= Description of the task =
Every line in the material below that includes "pool" should be copied.

= Input for this task =
"""
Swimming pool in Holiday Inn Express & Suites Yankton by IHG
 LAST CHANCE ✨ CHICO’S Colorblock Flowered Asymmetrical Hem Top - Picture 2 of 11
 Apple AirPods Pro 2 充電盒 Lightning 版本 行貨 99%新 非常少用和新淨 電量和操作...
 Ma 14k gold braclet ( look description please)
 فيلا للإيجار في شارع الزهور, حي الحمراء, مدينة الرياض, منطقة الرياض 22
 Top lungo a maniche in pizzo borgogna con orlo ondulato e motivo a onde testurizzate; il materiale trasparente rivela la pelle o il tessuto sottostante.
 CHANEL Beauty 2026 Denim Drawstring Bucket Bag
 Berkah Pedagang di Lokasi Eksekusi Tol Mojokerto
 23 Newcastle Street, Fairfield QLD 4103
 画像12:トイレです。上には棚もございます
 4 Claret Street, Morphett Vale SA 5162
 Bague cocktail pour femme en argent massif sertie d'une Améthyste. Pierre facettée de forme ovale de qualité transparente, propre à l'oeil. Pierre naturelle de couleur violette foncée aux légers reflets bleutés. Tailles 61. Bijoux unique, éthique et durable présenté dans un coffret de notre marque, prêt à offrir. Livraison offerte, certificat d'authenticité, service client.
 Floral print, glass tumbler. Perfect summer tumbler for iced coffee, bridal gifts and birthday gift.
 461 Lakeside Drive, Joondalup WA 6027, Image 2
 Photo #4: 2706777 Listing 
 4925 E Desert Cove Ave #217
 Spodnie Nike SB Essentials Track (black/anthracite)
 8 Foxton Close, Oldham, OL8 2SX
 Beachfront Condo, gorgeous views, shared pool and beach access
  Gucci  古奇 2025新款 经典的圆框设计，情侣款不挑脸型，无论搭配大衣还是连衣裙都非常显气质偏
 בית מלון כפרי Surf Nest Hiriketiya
"""
= Reply =
Swimming pool in Holiday Inn Express & Suites Yankton by IHG
 Beachfront Condo, gorgeous views, shared pool and beach access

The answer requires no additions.